The game is also overflowing with jokes, references, and background gags for attentive players, particularly if you’re a chapter-and-verse Star Wars fan with one foot in its expanded universe of comics, novels, and video games. We’ve compiled a list of some of the best hidden treats we found during our playthrough.

Environmental Storytelling

While many recognizable Star Wars landmarks from the nine episodes are incorporated into the game via puzzles and side missions, there are a few artifacts — plus some foreign objects — hidden away in nooks and crannies:

Luke’s T-16 Skyhopper in Lego Star Wars: The Skywalker Saga

Image: TT Games/Warner Bros. Interactive Entertainment via Polygon

  • At Lars Homestead on Tatooine, you’ll find a T-16 Skyhopper parked outside Luke’s garage. You can unlock a T-16 elsewhere in the game, but this one’s just a piece of scenery.

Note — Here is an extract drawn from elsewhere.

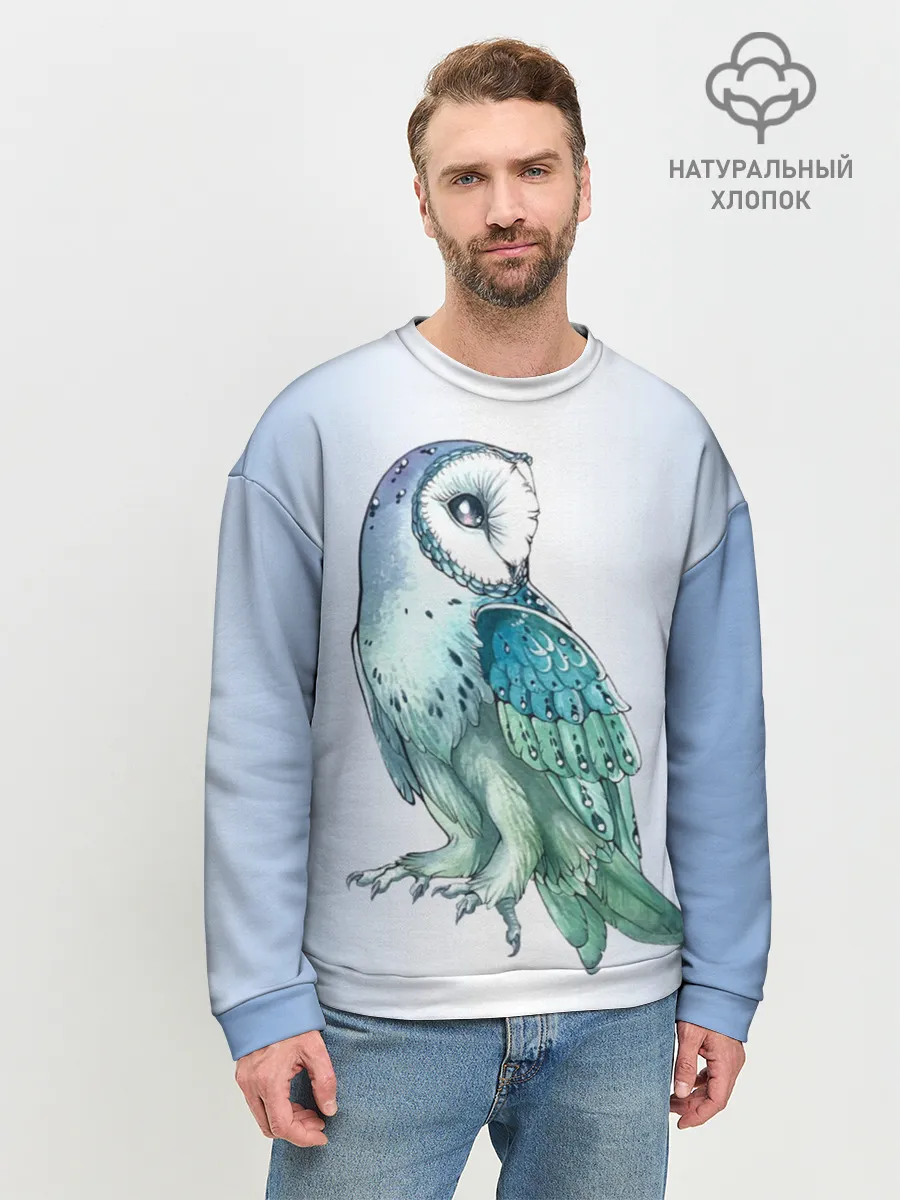 Мужской свитшот базовый / сова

Yoda’s escape pod on Dagobah

Image: TT Games/Warner Bros. Interactive Entertainment via Polygon

  • On Dagobah, if you wander up to the clearing in the northwest of Dragonsnake Bog, you’ll find a tripedal artificial structure. That’s an E3-standard starship lifeboat, the craft that Yoda took to Dagobah to escape the Jedi purge.

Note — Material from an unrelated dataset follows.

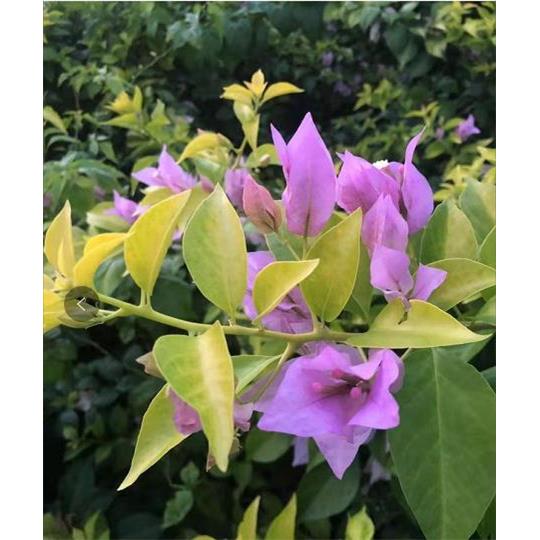 【糖贝园艺】 金夫人三角梅 金叶新加坡大花宫粉 大花三角梅 扦插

Finn’s workspace on Starkiller base

Image: TT Games/Warner Bros. Interactive Entertainment via Polygon

  • While sneaking around Starkiller Base during The Force Awakens, if you disguise yourself as a Stormtrooper and unlock the door directly across from the interrogation room, you’ll find the janitor’s closet, with a cleaning cart and a holographic blueprint for a motorized floor-buffer. Presumably, this used to be Finn’s workspace.

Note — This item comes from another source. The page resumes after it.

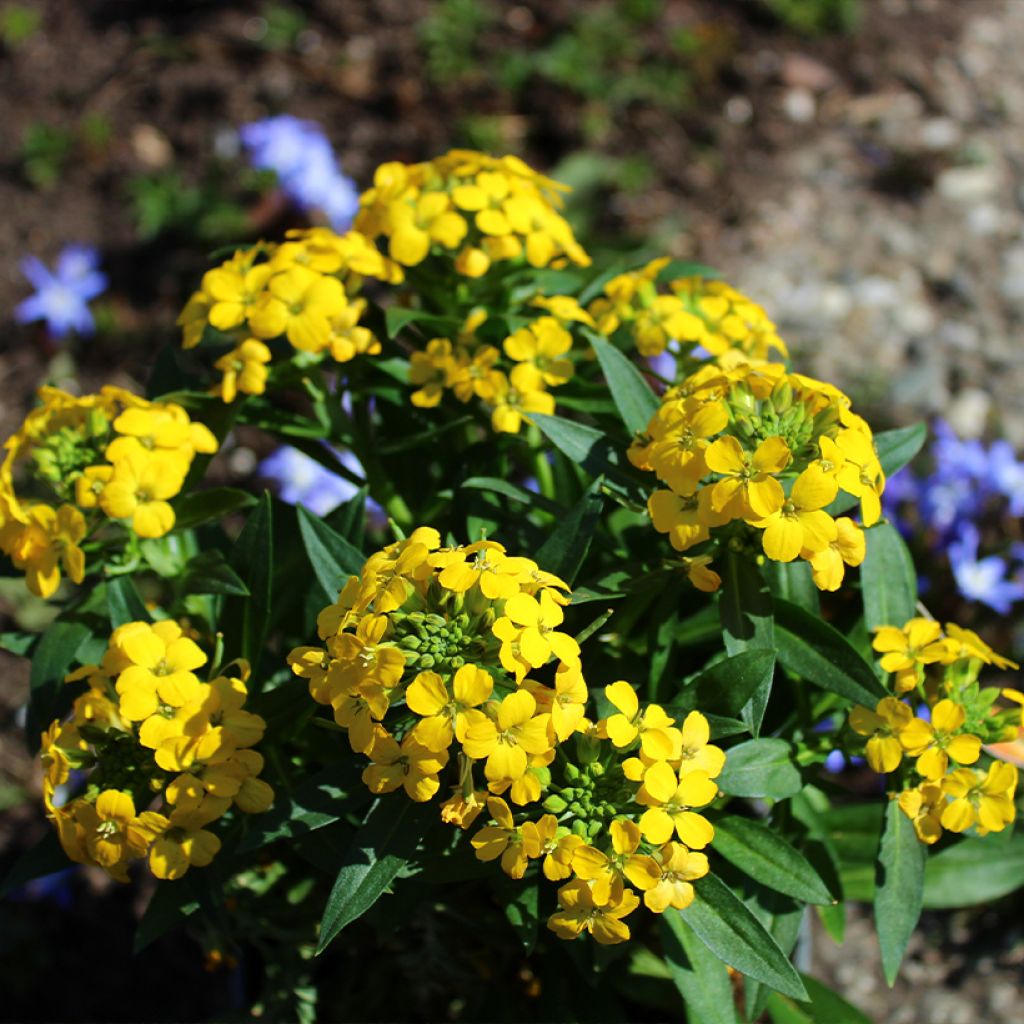 Erysimum alpinum - Alhelí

Aurebesh You Didn’t Catch All of These

A New Home storefront in the Uscru District on Coruscant

Image: TT Games/Warner Bros. Interactive Entertainment via Polygon

Like most visual media in the Star Wars universe, The Skywalker Saga makes liberal use of Aurebesh, which is the written form of Basic, the language spoken by most of the main characters. And since every letter in our Latin-script alphabet has a corresponding letter in Aurebesh, the latter can easily be translated into English. As such, you can stop on any street in the Uscru District on Coruscant and translate the name of every storefront and find a few inside jokes. Some shop names include:

  • Arm and a Leg
  • Hutt’s Headgear
  • Corellian Cantina
  • Crispy Fried Dewback
  • A New Home

General Grievous’ title card at the beginning of his boss fight

Image: TT Games/Warner Bros. Interactive Entertainment via Polygon

There’s also Aurebesh aplenty in the game’s cinematics, most of which go by too quickly to translate without grabbing a screenshot. (Unless you’re actually fluent. We know you’re out there and we salute you.) For instance, each boss in the game gets an introductory name card, featuring their name in English (or localized language) and then a subtitle in Aurebesh. Here’s the full name card for every boss in the main story campaign:

  • Anakin Skywalker: Ex-Podracer and Current Sith Apprentice
  • BB-9E: First Order BB-Series Astromech Droid
  • BB-Boss: BB-9E’s Big Brother
  • Boba Fett: The Galaxy’s Most Infamous Bounty Hunter
  • Captain Phasma: Chrome Dome
  • Count Dooku: Never Loses His Head
  • Darth Maul: Red Dude with a Bad Attitude
  • Darth Vader: Loves the Dark Side, Hates Sand
  • Darth Sidious: Also Known as the Senate
  • Dianoga: Keep One Eye Open
  • Emperor Palpatine (Return of the Jedi): Emperor, Sith Lord, Senate
  • Emperor Palpatine (The Rise of Skywalker): Yes, Him Again
  • FN-2199: Traitor!
  • General Grievous: More Sabers than Sense
  • Jabba the Hutt: Crime Lord of the Outer Rim
  • Jango Fett: Donor for the Clone Army!
  • Kijimi Crooks: Local Enforcers
  • Knights of Ren: Friends Make the Worst Enemies
  • Krayt Dragon: Krayt Balls of Fire
  • Kylo Ren: Serious Daddy Issues
  • Luke Skywalker: Did You Do It?
  • Praetorian Guards: Red Guard Redemption
  • Rancor: Jabba’s Pet Monster, Pateesa
  • Sovereign Protectors: They Protec But They Also Attac

Outside of the bosses, there are a ton of other little extras hidden in Aurebesh throughout the game. Here are a few of our favorites:

grievous plans a party with a Battle Droid

Image: TT Games/Warner Bros. Interactive Entertainment via Polygon

  • Revenge of the Sith contains the game’s most brilliant background gag, which begins during the opening cinematic when Anakin and Obi-Wan’s Jedi Interceptors blast through a battle droid’s retirement party on the hull of a Trade Federation cruiser. Several missions later, Obi-Wan arrives on Utapau in search of General Grievous. He speaks with Pau’an leader Tion Medon, who shows him a tablet computer displaying an intercepted text message thread between Grievous and a battle droid. The messages are only visible for about a second, but the enclosed conversation is actually about planning the surprise retirement party that Obi-Wan crashed earlier.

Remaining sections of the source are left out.